In the recent years it has become clear that increased level of cytokines such as like IL-1, IL-2, IL-6, GMCSF, IFN-γ and TNF-α in COVID-19 patients can lead to tissue damage and can also lead to cell death and fever, as well as impact the vascular physiology and coagulation [
25]. Among the cytokines, the earliest report on Tocilizumab, an anti-IL-6 receptor for treatment of a patient with COVID-19 related lung disease [
26] opened possibilities for severe cases. Recent meta-analysis also revealed that IL-6 is a master regulator of COVID-19 severity biomarkers [
27]. In addition, severe acute respiratory syndrome coronavirus 2 (SARS-CoV-2) spike protein S1 subunit activates TLR4 signaling to induce pro-inflammatory responses in murine and human macrophages.
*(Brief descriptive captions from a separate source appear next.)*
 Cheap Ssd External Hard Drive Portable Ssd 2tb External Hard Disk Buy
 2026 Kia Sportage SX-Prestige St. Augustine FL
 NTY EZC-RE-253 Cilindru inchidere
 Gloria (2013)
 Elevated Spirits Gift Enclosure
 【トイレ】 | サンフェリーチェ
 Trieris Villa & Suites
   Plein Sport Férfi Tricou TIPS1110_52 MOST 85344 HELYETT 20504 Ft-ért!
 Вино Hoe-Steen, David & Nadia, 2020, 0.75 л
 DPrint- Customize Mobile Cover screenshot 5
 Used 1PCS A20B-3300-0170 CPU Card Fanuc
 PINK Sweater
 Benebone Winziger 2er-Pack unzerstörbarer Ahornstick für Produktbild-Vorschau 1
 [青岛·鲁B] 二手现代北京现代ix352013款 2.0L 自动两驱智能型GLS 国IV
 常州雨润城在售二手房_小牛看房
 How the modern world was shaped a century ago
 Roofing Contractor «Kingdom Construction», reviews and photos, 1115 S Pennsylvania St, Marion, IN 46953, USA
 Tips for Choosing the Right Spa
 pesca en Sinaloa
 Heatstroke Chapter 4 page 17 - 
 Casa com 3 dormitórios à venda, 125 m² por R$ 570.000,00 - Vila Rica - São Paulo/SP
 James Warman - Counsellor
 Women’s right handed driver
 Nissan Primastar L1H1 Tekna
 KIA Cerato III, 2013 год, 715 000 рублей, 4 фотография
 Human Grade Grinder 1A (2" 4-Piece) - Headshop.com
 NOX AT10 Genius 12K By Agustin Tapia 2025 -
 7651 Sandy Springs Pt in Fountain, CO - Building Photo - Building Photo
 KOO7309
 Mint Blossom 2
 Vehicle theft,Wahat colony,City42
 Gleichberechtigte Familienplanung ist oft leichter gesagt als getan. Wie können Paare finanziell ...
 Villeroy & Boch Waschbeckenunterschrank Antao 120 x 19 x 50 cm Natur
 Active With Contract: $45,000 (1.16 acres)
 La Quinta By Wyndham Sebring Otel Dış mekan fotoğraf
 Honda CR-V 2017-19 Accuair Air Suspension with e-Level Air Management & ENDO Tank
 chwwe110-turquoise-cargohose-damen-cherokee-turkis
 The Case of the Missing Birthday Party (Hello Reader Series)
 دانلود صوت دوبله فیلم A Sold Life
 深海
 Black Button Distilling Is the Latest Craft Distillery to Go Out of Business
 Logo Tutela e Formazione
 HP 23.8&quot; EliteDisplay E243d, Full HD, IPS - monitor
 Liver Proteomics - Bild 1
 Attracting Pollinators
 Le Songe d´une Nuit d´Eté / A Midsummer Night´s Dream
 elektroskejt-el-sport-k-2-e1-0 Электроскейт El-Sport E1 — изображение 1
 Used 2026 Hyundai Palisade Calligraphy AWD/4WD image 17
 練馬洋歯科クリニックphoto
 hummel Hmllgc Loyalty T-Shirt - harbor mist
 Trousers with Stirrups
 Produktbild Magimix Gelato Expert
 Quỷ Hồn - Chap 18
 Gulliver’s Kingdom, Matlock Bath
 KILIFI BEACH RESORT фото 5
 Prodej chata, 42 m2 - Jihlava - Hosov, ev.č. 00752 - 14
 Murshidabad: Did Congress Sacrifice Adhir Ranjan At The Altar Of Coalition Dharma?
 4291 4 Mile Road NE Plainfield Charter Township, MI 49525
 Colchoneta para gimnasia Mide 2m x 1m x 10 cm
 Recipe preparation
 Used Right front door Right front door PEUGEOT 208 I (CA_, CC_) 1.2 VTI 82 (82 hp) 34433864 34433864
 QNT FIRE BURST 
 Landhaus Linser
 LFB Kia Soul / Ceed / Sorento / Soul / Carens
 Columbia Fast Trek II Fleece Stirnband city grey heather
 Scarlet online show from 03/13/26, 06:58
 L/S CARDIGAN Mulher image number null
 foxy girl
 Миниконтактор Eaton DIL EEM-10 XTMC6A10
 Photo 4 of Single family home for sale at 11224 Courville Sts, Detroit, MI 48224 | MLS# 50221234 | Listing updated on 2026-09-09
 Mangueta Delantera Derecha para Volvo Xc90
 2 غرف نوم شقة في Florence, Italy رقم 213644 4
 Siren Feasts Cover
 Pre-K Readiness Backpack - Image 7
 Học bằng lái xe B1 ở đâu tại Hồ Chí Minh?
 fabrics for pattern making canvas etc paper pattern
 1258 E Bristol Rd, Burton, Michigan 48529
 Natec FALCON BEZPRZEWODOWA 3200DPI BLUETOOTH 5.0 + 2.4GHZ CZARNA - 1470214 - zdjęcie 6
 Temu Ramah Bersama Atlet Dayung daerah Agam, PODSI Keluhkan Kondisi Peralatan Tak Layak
Therefore, TLR4 signaling in macrophages may be a potential target for regulating excessive inflammation in COVID-19 patients [
28].
Regional selenium deficiency might be related to an increased fatality rate of COVID-19 in China [
29]. To date most of the observation studies indicate that a lower serum selenium level was associated with worse outcomes [30-32]. The more severe selenium deficiency has also been proposed to correlate with COVID-19 disease progression and furthermore, the selenium deficiency is associated with overall organ system dysfunction and death [
33]. To our knowledge no randomized clinical trials have appropriately investigated the effect of selenium supplementation on COVID-19. However, a few studies on the effects of second most important trace element zinc supplementation in COVID-19 did not confirm its efficacy [
34].
For the current study, we planned to evaluate the effects of different selenium compounds on key players of cytokine storm that are critical to target in COVID-19 patients. Since lipopolysaccharide (LPS) induced expression profile of THP-1 cells was found to be like that of human PBMC-derived macrophages [
35], we induced inflammation with LPS in THP-1 macrophages to study the impact of selenium compounds on IL-6 and TNF-α. Our results strongly encourage follow-up research on selective selenium compounds on all the cytokines involved in cytokine storm for COVID-19 patients and potential for using selenium as an adjuvant therapy in long haulers of COVID-19 infection.
2. Materials and Methods
2.1. Selenium compounds
Selenous acid (SA), methylseleninic acid (MSeA), sodium selenite (Sel), selenomethionine (SM) were purchased from Sigma (St. Louis, MO) and used at 0.25 μM to 10 μM concentrations for treatments.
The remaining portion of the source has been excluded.